Ben bunları yazarken, bir gece yarısı, hastanelerde virüsle topyekün bir savaş veriliyor. Hastaneler günlerdir evine gidemeyen sağlık personeli dolu. Aynı savaş bazı evlerde de var. Uykusuzlukla, hastalıkla, kaygı ve korkuyla kıyasıya bir savaş.
Bir balkon konserinin yeteneksiz katılımcısı...

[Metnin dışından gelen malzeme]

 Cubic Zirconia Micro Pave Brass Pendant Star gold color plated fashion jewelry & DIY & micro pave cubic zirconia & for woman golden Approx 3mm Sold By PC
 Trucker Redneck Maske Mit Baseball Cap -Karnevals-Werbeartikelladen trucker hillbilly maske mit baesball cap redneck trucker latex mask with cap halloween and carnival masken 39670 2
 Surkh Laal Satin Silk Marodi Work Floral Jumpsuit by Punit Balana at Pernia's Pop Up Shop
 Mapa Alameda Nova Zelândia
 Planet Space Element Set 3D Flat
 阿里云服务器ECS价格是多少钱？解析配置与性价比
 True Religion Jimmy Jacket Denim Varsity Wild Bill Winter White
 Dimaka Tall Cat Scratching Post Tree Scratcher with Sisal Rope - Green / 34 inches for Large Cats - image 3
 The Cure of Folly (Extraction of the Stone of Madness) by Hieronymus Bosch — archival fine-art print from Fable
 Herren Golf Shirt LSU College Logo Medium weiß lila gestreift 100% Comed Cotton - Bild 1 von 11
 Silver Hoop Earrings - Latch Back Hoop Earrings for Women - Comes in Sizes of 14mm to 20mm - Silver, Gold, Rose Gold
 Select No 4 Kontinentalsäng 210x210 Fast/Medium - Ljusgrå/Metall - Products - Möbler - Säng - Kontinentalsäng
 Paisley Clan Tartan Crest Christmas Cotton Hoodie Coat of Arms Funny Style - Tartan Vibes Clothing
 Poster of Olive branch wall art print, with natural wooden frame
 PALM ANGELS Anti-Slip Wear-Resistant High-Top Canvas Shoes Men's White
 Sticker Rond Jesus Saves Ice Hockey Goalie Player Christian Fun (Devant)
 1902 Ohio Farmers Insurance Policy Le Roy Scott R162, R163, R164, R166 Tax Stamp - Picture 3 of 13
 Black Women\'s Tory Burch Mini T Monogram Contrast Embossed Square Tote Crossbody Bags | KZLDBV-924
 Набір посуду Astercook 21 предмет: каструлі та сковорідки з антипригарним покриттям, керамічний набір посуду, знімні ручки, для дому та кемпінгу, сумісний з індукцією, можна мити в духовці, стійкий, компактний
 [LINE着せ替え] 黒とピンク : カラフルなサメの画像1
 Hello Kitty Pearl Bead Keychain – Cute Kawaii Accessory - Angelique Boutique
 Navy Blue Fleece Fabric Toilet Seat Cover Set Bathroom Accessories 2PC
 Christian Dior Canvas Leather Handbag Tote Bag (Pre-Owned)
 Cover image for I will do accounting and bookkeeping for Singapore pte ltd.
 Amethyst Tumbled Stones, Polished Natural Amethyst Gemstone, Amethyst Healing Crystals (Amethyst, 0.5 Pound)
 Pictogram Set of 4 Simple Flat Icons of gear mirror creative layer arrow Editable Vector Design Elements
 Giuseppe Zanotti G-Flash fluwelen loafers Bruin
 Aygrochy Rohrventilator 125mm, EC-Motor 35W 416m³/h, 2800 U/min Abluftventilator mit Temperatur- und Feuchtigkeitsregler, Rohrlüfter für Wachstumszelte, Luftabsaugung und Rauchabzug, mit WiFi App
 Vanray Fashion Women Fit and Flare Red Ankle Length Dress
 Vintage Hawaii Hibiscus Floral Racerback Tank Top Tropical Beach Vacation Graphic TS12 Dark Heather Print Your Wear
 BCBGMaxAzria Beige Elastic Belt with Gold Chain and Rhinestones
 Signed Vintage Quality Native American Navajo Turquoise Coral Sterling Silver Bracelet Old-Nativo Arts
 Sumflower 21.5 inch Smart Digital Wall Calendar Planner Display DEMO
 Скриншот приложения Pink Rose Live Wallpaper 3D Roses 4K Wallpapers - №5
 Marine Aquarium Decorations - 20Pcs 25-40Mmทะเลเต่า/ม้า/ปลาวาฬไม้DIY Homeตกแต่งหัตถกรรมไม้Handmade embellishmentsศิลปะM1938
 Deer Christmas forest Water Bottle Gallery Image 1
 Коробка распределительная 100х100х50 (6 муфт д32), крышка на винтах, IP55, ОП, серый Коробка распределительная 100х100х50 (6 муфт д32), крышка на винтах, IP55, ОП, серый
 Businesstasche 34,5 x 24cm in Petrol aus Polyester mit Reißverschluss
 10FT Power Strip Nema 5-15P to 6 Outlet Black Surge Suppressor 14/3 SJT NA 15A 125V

Herkes gibi İtalya'da balkonlarda toplanan, anlık gelişen konserlerin parçası olan insanların videosunu izledim. Bundan önce de ilk Wuhan'da, pencerelerden birbirine seslenen, "başarabilirsin dayan Wuhan" diyerek birbirini destekleyen insanların videosunu izlemiştim. Sağlıklı kalmak için, bulunduğumuz ülkenin sağlık sistemini ve insanlarını korumak için, bize tembihlenen önlemlere harfiyen uymalıyız. Ama bir balkon konserinin az yetenekli ya da yeteneksiz katılımcısı olmamız gerektiğini de unutmamalıyız. Bu gördüklerim bana, elimizden ne geliyorsa, nede iyi ya da değilsek, aklımız neye eriyor, elimiz nereye yetişiyorsa oraya dahil olmamız gerektiğini söylüyor. Belki doktor ya da hemşire değiliz, bir sağlık eğitimimiz yok, psikolog da değiliz. Akordeon çalamıyoruz, elimizde tefimiz de yok. Belki basbayağı yeteneksiziz, korku içindeyiz ve umudumuzu yitirmek üzereyiz. Şimdi, ne halde olursak olalım, bu konsere katılmanın tam sırası.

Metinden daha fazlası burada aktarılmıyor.